2015年4月29日にルミネtheよしもとで開催された収録用ライブの模様を収録。

学天即は同じ中学校の同級生である四条和也奥田修二によって2005年に結成された。コンビ名の由来は1928年に昭和天皇即位を記念して催された大札記念京都博覧会に出品された東洋初のロボット“學天則”から。「M-1グランプリ2005」への出場を目的にコンビを結成、アマチュアながらも準決勝戦への進出を果たしている。その後、オーディションを経て、2007年に現在の事務所であるよしもとクリエイティブ・エージェンシーへと所属。本作は、そんな彼らが過去に出場してきた賞レースで披露した、漫才・コントを再演しているベスト盤だ。

学天即の芸風は、いわゆる“しゃべくり漫才”である。うっかりすると聞き逃してしまいかねない程にしれっと繰り出される四条のボケを、奥田がたくさんの言葉を用いてツッコミを入れて笑いへと昇華するスタイルを取っている。本編では、映画を見た本数や寝ていない時間などといった下らないことを自慢げに話す四条に対して奥田が鋭いツッコミを入れる『しょうもない自慢するやつ』、旅行に行きたいという四条が目的地を選んだ理由を説明するたびに奥田からツッコミを受ける『旅行』、アトランダムにどうでもいいことを言い続ける四条に奥田は困惑を隠せない『どうでもいいこと言うてくるやつ』、語られるエピソードがどれもこれも四条の老人化を物語っている『じじい』、奥田がクイズ番組に出場したとしても緊張しないように予習として四条がクイズを出題する『クイズ』など、12本のしゃべくり漫才が演じられている。

いずれのネタも非常に面白いのだが、何度か物足りなさを感じる瞬間も。恐らく、学天即の漫才における、四条のボケと奥田のツッコミのバランスに問題があるのだろう。四条のボケは一瞬では理解し辛いものも多く、奥田がツッコミを入れることでようやくボケの意味を理解できるようになることも少なくない。それ故に、四条よりも奥田の方が目立ってしまい、どうにもパワーバランスの悪さを感じてしまうのである。彼らと同様、ツッコミの方が目立ち過ぎている印象の強かった銀シャリが、この点を上手く解決して「M-1グランプリ2016」で優勝を果たしたことを思うと(一本目の『ドレミの歌』のバランスは完璧の一言)、学天即もこの問題点と向き合う必要があるだろう。まあ、現状のままでも、さしたる問題も無いほどには面白いのだが。

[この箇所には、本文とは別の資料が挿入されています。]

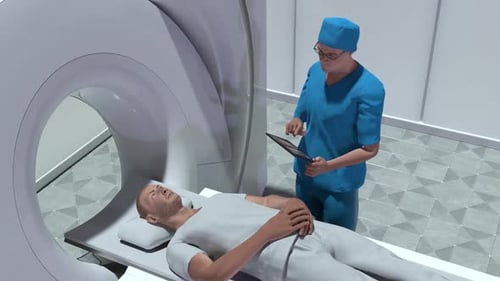 Patient Undergoing Medical Scan with Doctor in 3D Animation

これらの本編に加えて、特典映像として過去の単独ライブで流された幕間映像を収録した「ブリッジVTR傑作選」、奥田が某ミノさんの野球好プレーと某トバリさんの海外ゴルフトーナメントそれぞれのナレーションをモノマネで再現する「奥田のナレーションモノマネ」を収録。いずれも安定して面白いが、とりわけ四条が語る父親のエピソードが信じられないという奥田が二人で何故か岡山に住んでいる四条の父親の元を訪れる「四条の父」の衝撃たるや。妙にオシャレな恰好で、沢山の犬を飼いならし、キャバ嬢が吸うような種類の煙草を愛用している元プロボクサーの父……ド田舎の濃密な暮らしをしているオヤジをそのまま具現化したような映像は、なかなかにたまらなかった。私も老後はああいう暮らしをしたい気がしないでもない。……そうでもないか。

■本編【67分】

「しょうもない自慢するやつ」「ついてない一日」「桃太郎」「オリジナルヒーロー」「弁当」「旅行」「どうでもいいこと言うてくるやつ」「モテ方」「結婚」「じじい」「クイズ」「ポジティブな奴」「コント「お葬式」」

■特典映像【67分】

「ブリッジVTR傑作選」(奥田修二探検隊/学天即、母校に帰る/四条の父)

「奥田のナレーションモノマネ」(プロ野球・好プレーの雰囲気/海外のゴルフトーナメントの雰囲気)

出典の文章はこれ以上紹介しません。